# Sansui vs Geneva sound



## POLI (Sep 10, 2012)

Bueno el tema es asi , el sabado estuve con un amigo , ambos ex dj yo loco por el audio y el loco por la musica , bue , el tema es que me mostro su mas reciente adquisición ( regalo de la mujer , ya venimos mal ) , un Geneva sound system Model L , el mismo  que se `puede apreciar en este link :
http://www.latiendadelibertaddigital.com/libertad_digital/geneva-sound-system-model-l.html
 Solo que en color marron puajj !! a primera vista no sabia si era un mini microondas , una cocinita electrica , mas bien por el tamaño parecia una tostadora , cuestion que tiene un dock para iphone y una entrada para cd que se introduce desde arriba , a mi , a primera vista me resulto desagradable , me hizo escucharlo especialmente con varios temas y no me gusto para nada el sonido ,logicamente le dije esta lindo  ,
 tal vez sea yo pero me sigo quedando con mi sansui A-60 + tunner T-7 + deck D 100 , giradiscos P 50  , eq Teac eqa 220 Y cd phillips 502 con laser flotante , y eso que dentro de todo es la linea economica de sansui , estoy mal o eso es un producto hecho para los B----- ??  creo que arrancando ya de que tiene soporte para formatos comprimidos de audio empezamos mal ...


----------



## DOSMETROS (Sep 10, 2012)

Otro vómito :

http://www.actualidadgadget.com/2010/03/01/sistemas-de-audio-soundsphere-de-philips/


----------



## POLI (Sep 10, 2012)

DOSMETROS dijo:


> Otro vómito :
> 
> http://www.actualidadgadget.com/2010/03/01/sistemas-de-audio-soundsphere-de-philips/



 Si si , pero el Geneva cuesta 1000 u$s debe tener algo mas que yo no veo ...


----------



## el-rey-julien (Sep 10, 2012)

te vendo un conejo a 1200 U$$  . este es un conejo real  ,canta y baila ,tambien es ayudante de mago(irónico)
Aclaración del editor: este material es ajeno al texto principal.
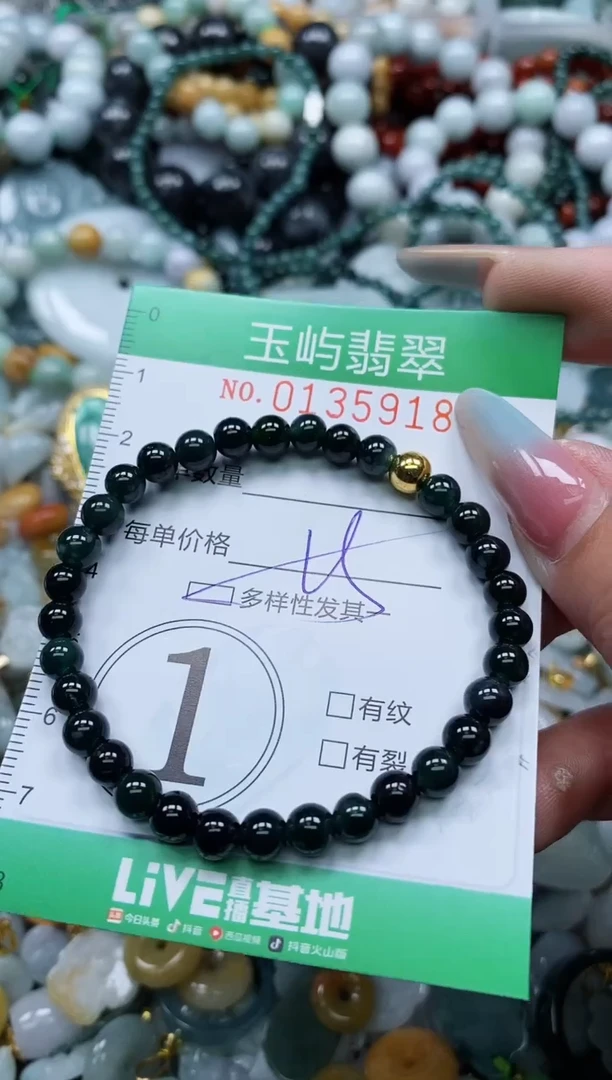 翡翠未镶嵌颈饰闪购0135918多样性发其一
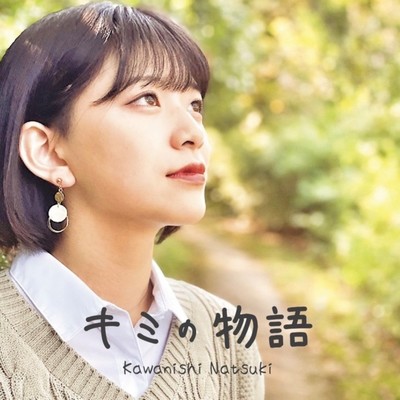 Kiminomonogatari Front Cover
que cueste caro no significa que sea bueno,,,,,


----------



## DOSMETROS (Sep 10, 2012)

Claro Philips te vende una pantala de 57' en 10.000 pesos todo ok y la sound bar para esa tele vale 6.000 pesos . . . 

¡ ¡ ¡ Andáaaaaaaaaaaaaaaaaaaaaaaaa ! ! ! ¿ Que tiene , parlantes de oro ???


----------



## POLI (Sep 11, 2012)

Claro , pero me sigue asombrando que haya mercado para estas cosas , porque si los fabrican y venden a esos precios , evidentemente lo hay.
 Ojo soy consciente que la gama baja de sansui como ser el A-60 es algo modesto.


----------



## DOSMETROS (Sep 11, 2012)

_Buscar en Mercadolibre: MLA-150488119-fusilera-banada-en-oro-para-cuatro-fusibles-marca-boss-_JM_

_Buscar en Mercadolibre: MLA-429413721-fichas-neutrik-nc3fd-h-b-banada-en-oro-equipos-hi-end-_JM_

_Buscar en Mercadolibre: MLA-432630142-kit-de-cables-de-instalacion-0-gauge-magixson-fusilera-anl-_JM_


----------



## Fogonazo (Sep 11, 2012)

Ver el archivo adjunto 78818​


----------



## el-rey-julien (Sep 11, 2012)

jajaja , de eso estaba ablando ,


----------